Exactly the lines from the line that has "Once you find" through the final line below are to be retyped, and the pictures are not.

+++ Data to use

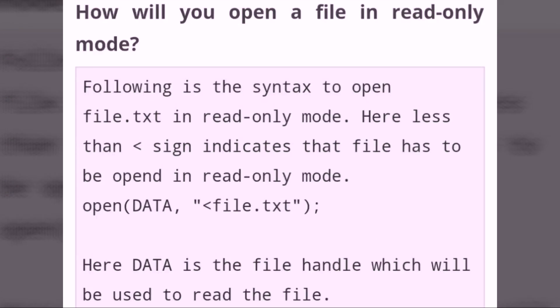How will you open a file in read-only mode? Following is the syntax to open file.txt in read-only mode. The less-than sign indicates that the file has to be opened in read-only mode: open(data, "<file.txt"); Here, data is the file handle which will be used to read the file.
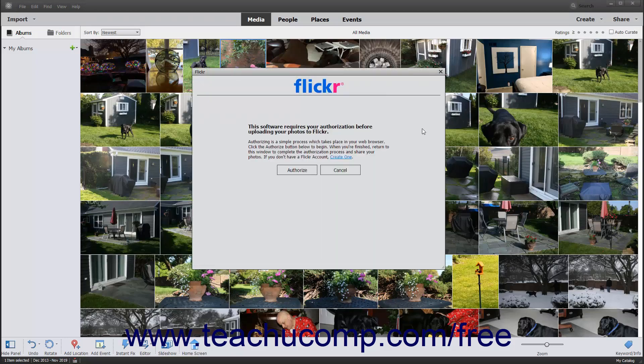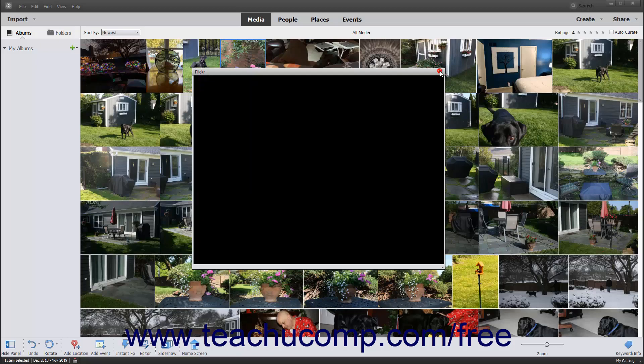Photoshop Elements optimizes your photos for sharing on those sites and then prompts you to enter your login credentials for the selected site. After entering your login credentials, simply follow the on-screen instructions to upload and share your media on the selected website.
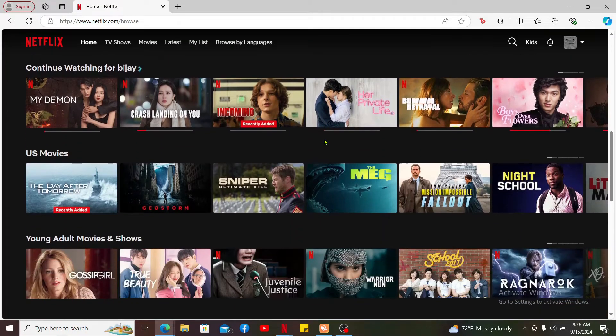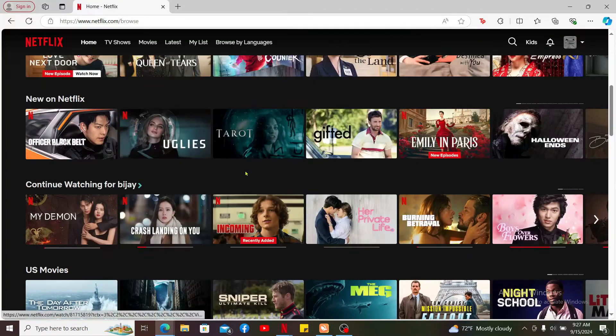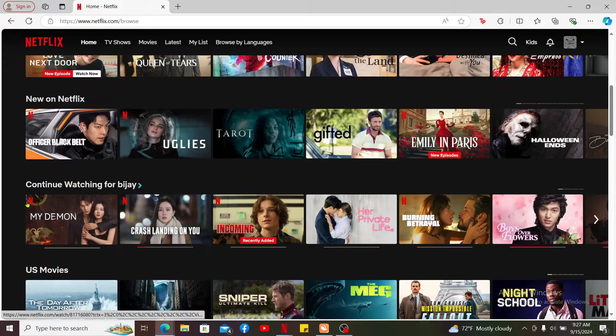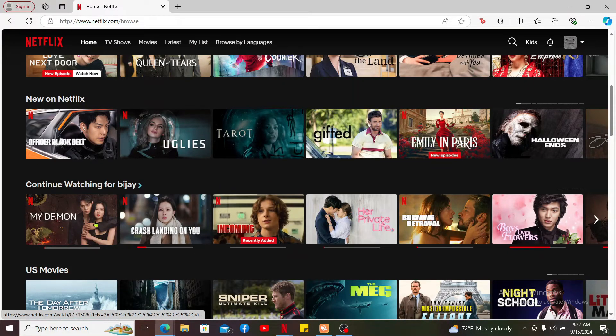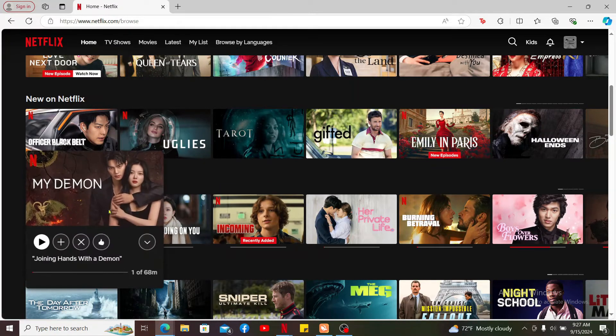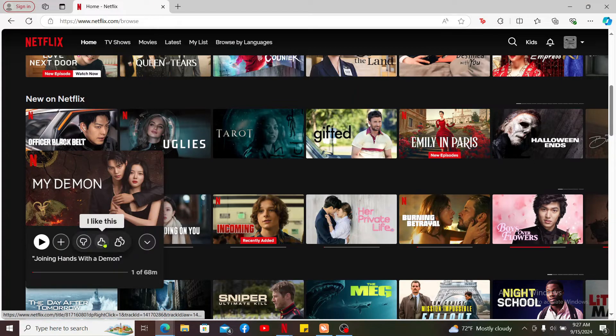Once you find the movie that you've recently watched and you'd like to rate, simply go ahead and mouse over to the movie and find this little thumbs up icon which will then bring up two other options such as 'not for me' and 'love this'.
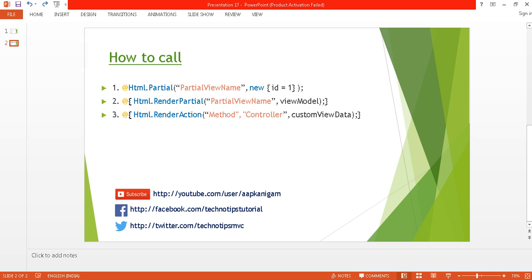The second method is Html.RenderPartial. You can pass the partial view name and any parameter. In all three methods, the first parameter is required and the rest are optional. The third method is Html.RenderAction — you just need to pass the method name. If you are calling the partial from the same controller, you don't need to pass the controller name. We will discuss each method practically.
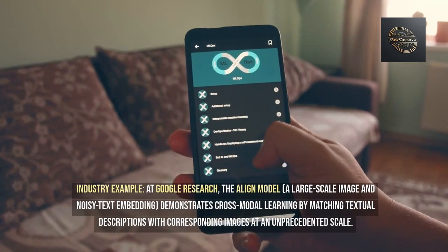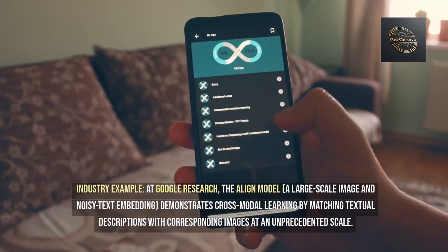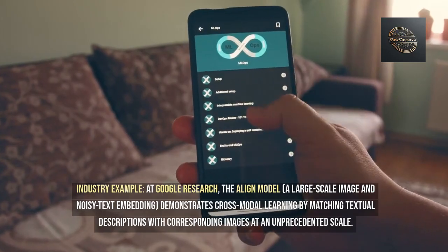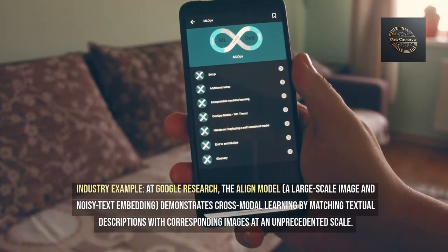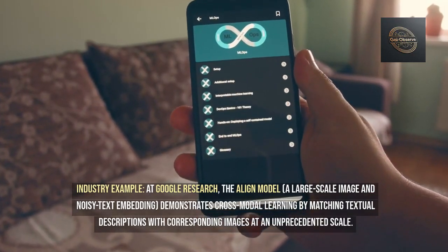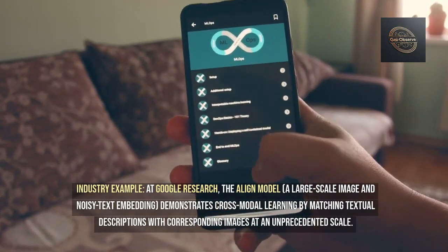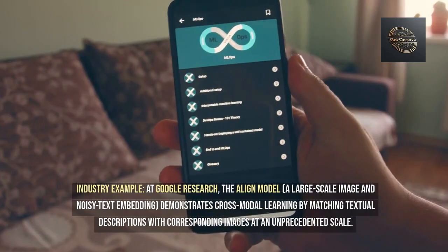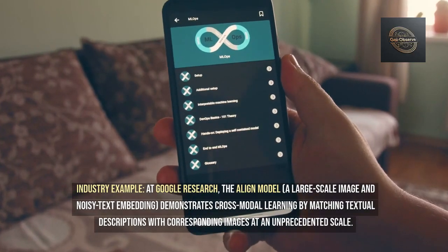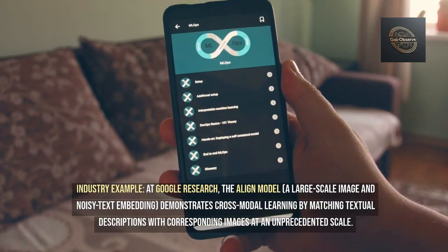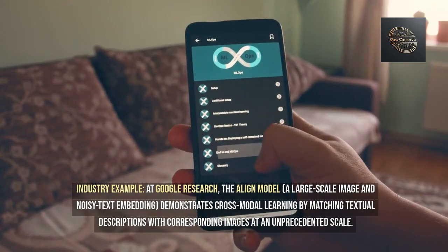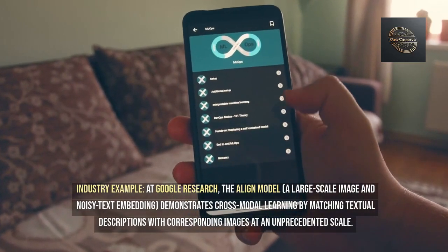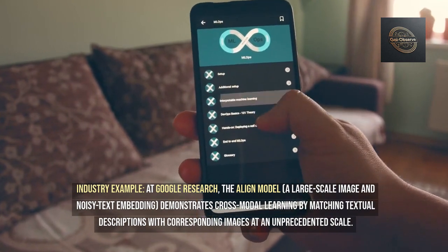Industry example: At Google Research, the Align model — a large-scale image and noisy text embedding — demonstrates cross-modal learning by matching textual descriptions with corresponding images at an unprecedented scale.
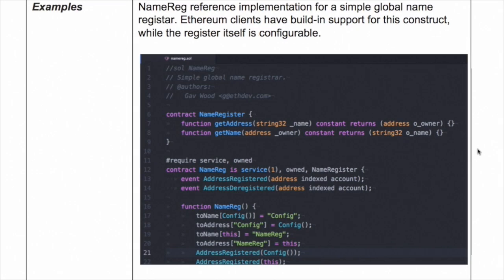The simple implementation doesn't have a bidding feature yet, but you can think of ones where you can bid for names and outbid others to take over — make it as complex as you want. Which name are you going to register first? I think 'Ethercasts.' I have to beat you to it — good luck.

++++++

Written answer:
Once you find the movie that you've recently watched and you'd like to rate, simply go ahead and mouse over to the movie and find this little thumbs up icon which will then bring up two other options such as 'not for me' and 'love this'.
The second method is Html.RenderPartial. You can pass the partial view name and any parameter. In all three methods, the first parameter is required and the rest are optional. The third method is Html.RenderAction — you just need to pass the method name. If you are calling the partial from the same controller, you don't need to pass the controller name. We will discuss each method practically.
Industry example: At Google Research, the Align model — a large-scale image and noisy text embedding — demonstrates cross-modal learning by matching textual descriptions with corresponding images at an unprecedented scale.
The simple implementation doesn't have a bidding feature yet, but you can think of ones where you can bid for names and outbid others to take over — make it as complex as you want. Which name are you going to register first? I think 'Ethercasts.' I have to beat you to it — good luck.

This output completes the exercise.